Meaning of an artwork to the artist

Christopher asked:

Do you think a piece of art is more meaningful to the artist, or the person experiencing the artwork, most often? I’m specifically thinking about music. A musician can write a song that just expresses some idea and has no personal meaning to the artist, but a person can then listen to the song and relate to it in such a way that it becomes personally meaningful to him/her. I think this happens a lot, but I think a lot of the time an artists true meaning is lost or not communicated to the listener/ viewer. Also, having an ‘aesthetic experience’ which I’ve seen some philosophers write about may or may not occur for the artist.

Answer by Jürgen Lawrenz

Let’s start from the end of your question. You say you’ve seen some philosophers writing about aesthetic experiences, and I wonder why you didn’t ask them your question while you were watching them?

It could have been valuable for you, because as they were writing, they might have told you that thinking and writing is a different experience from reading another writer’s book. And your question would never have been born, because you would have realised that writing a song is not having an aesthetic experience, because the song doesn’t yet exist.

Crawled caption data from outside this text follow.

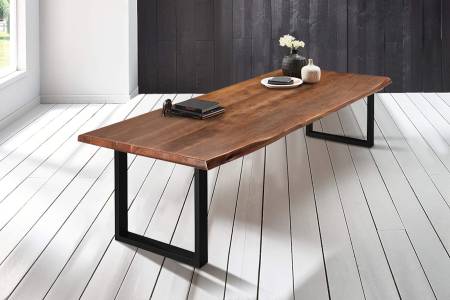 Baumkantentisch Esstisch Akazie Nussbaum 240 x 120 cm schwarz Valin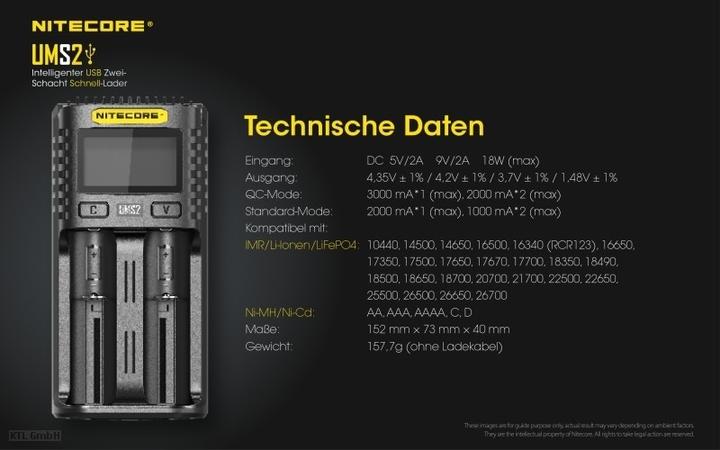 Actual product image Nitecore UMS2 (1 pcs., AAA, AA, Chargers without battery)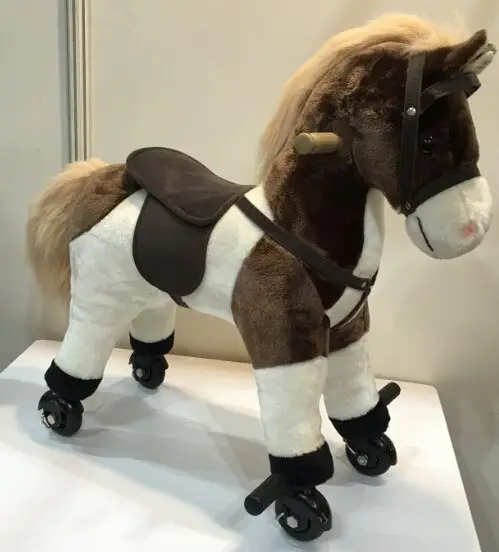El más nuevo Giddy Up Horse Bastón marrón oscuro caballo mecánico caballo caminando animal paseo para Centro Comercial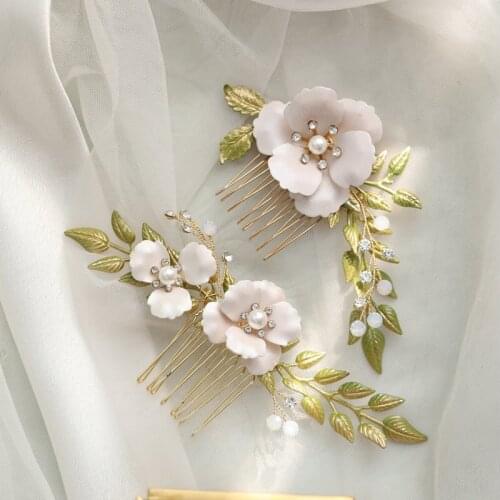 Pretty Green Leaf Bridal Hair Comb Enamel Flower Wedding Hair Accessories Opal Crystal Headwear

But you are entirely correct that the audience of a song, or play, or painting, or symphony will find it a meaningful experience, whether in the positive or negative sense. Whereas the composer, painter or poet may (at least sometimes) be quite indifferent and regard it as a piece of hackwork, done merely for the pay.

And so we arrive at the beginning of your question. Art is quite plainly of greater interest to an audience than to an artist, because there are many audience-people and very few artists. So you’ve already nailed it down from the quantity angle.

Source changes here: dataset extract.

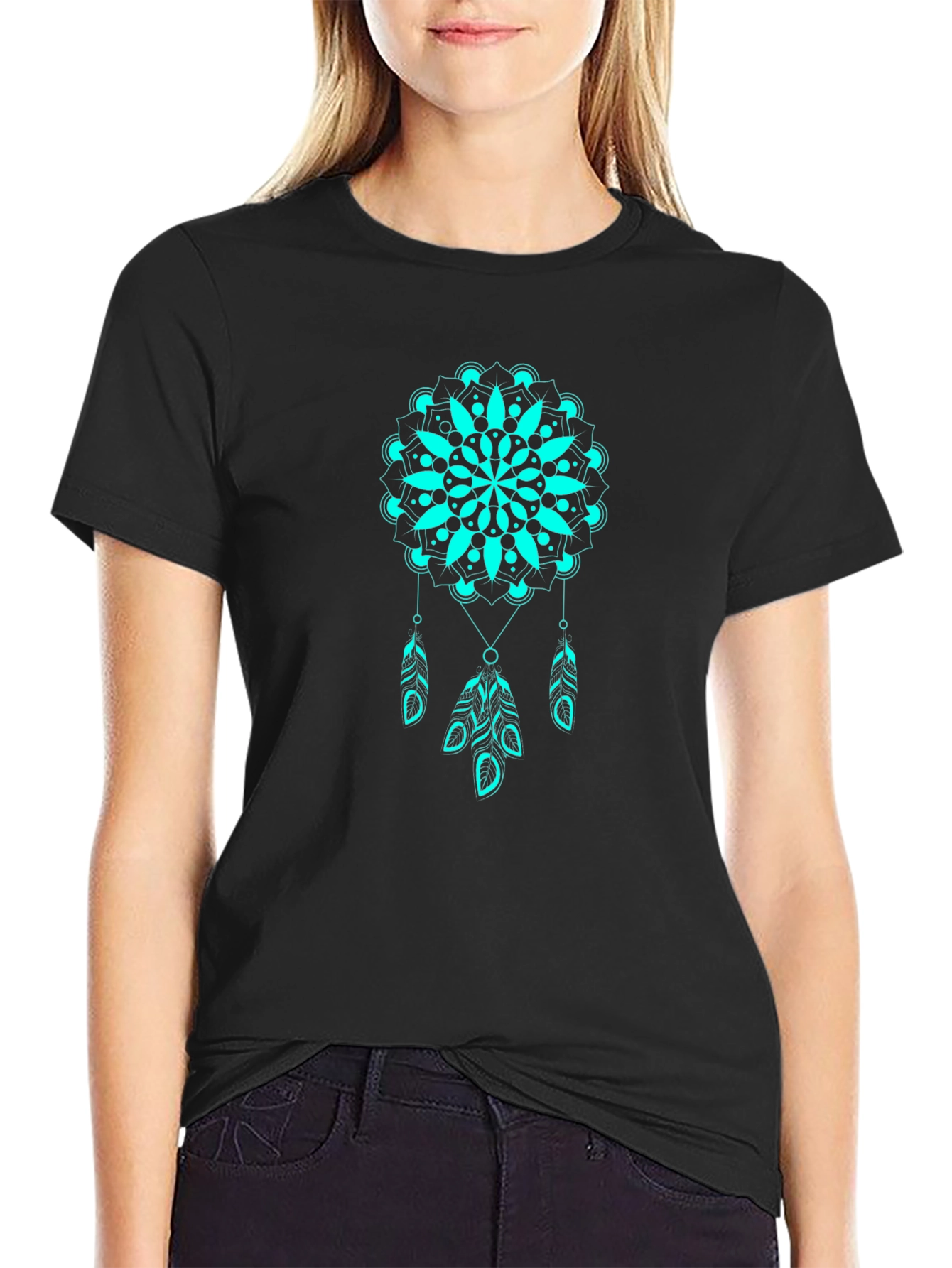 Dreamcatcher Mandala Graphic Tee - Black T-Shirt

The other angle is that artists are rarely objective judges of the value of their own work. Some overestimate their own talent; some are very casual about it; others might pursue an obsession for their whole life and sacrifice health and happiness for it. But this is usually quite irrelevant. In the end, the people who pay to watch or hear are the ones who make the final decision. This is because art is not something artists dreamed up for their own pleasure, but the people and communities who have a need for this kind of entertainment, edification, ritual or commemoration. So the need comes first, the artist later. Necessarily the thing he or she makes must be needed and to meet that need. And artists who supply that need well, and often, might finish up as ‘the greats of our culture’ and sometimes even as millionaires.